マルグリットは小さく息を吐いた。追及を続ける気配はなかった。ただ調剤室を出る間際に振り返り、こう言った。
「あの青年の目に光が戻ったのを、わたくしは見ました。やり方は問わないけれど——あなた自身が壊れないようにだけは、気をつけなさい」
扉が閉まった。リゼットの手の中で、薬草の茎が折れすぎて粉になっていた。
翌朝、療養院の門を叩く者があった。
マルグリットが応対に出ると、四十がらみの男が立っていた。旅装は質素だが、仕立ての良さが隠しきれていない。
「お助けいただきたいのです。わたくし、王都の伯爵家にお仕えする者ですが——お仕えしていた方のお嬢様の名前が、どうしても思い出せないのです」
リゼットは調剤室の窓から、その男の後ろ姿を見ていた。指先の体温が引いていく。
男は続けた。
「わたくしだけではありません。王都の宮廷で、複数の貴族が同じ症状を訴えています。侍医たちもお手上げだと」
波及が——ここまで来ている。
療養院に来るほど症状に苦しんでいる人間が、もういる。
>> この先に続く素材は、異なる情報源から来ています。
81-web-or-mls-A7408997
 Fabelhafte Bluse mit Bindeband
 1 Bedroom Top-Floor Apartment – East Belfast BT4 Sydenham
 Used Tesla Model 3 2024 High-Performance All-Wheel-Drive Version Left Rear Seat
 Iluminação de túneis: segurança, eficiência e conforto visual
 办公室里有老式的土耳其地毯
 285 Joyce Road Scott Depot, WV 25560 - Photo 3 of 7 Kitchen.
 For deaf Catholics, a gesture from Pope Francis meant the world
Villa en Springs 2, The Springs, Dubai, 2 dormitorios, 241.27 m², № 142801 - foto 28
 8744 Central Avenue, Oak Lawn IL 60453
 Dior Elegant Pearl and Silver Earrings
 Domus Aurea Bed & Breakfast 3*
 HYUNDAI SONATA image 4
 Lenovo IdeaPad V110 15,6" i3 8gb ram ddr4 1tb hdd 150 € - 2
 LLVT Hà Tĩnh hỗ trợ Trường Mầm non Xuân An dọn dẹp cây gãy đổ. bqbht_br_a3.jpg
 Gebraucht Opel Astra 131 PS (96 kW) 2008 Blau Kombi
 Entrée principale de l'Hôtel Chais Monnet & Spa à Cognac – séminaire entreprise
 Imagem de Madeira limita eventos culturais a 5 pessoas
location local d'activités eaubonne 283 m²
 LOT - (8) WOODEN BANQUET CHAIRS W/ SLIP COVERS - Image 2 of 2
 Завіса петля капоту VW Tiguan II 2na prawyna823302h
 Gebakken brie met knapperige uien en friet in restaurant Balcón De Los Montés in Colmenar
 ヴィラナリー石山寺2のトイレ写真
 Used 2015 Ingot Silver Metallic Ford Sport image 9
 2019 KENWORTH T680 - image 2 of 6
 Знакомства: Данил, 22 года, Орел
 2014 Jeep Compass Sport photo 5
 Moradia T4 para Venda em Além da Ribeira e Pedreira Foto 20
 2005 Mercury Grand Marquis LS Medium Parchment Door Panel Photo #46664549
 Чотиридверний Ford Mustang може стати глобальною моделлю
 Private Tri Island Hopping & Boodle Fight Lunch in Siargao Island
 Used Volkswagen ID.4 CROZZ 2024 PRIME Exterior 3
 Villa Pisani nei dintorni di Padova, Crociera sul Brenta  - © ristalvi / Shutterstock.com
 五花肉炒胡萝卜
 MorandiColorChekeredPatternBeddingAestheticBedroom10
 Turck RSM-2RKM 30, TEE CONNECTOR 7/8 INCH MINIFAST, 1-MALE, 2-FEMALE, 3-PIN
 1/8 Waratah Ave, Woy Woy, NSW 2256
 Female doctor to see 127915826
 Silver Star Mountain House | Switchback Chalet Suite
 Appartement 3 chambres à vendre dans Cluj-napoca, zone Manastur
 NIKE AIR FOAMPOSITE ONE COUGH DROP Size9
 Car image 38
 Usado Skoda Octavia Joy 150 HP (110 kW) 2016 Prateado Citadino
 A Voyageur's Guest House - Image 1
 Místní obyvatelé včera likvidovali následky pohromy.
レオン一人の問題ではない。王都で、広がっている。
リゼットは窓枠を掴んだ。爪が木に沈んだ。
夕暮れの療養室。
回想法の後、レオンの呼吸が落ち着くのを待ってから、リゼットは茶器を片づけ始めた。
「リゼさん」
呼ばれて振り向いた。レオンは椅子に深く腰かけたまま、天井を見上げていた。
「今日の……あの映像。女の子の手を引いて走る記憶。あれは確かに俺のものだ。でも顔が出てこない」
「焦らなくて大丈夫ですよ。少しずつ——」
「なあ、もう一回あの紅茶、淹れてくれないか」
敬語が消えていた。
振り向いたレオンの顔には、先ほどまでの苦しみとは違う色があった。ごく自然な、力の抜けた表情。幼い頃に屋敷の垣根越しで見せていたのと同じ、無防備な目。
リゼットの心臓が跳ねた。
返事をする間もなく、療養院の門を馬蹄が叩く音が響いた。
マルグリットが廊下を早足で通り過ぎるのが聞こえた。続いてフィリップの声——予定にない訪問だった。
「院長殿、リゼさん。至急お伝えしなければならないことが」
フィリップの顔は青ざめていた。息が荒い。馬を飛ばしてきたのだろう、外套の裾に泥が跳ねている。
「王都から、魔法省の調査官が参ります。記憶障害の患者を抱える療養施設を順に回っているそうで——こちらにも、近日中に」
リゼットの足の裏から、床の冷たさが一気に昇ってきた。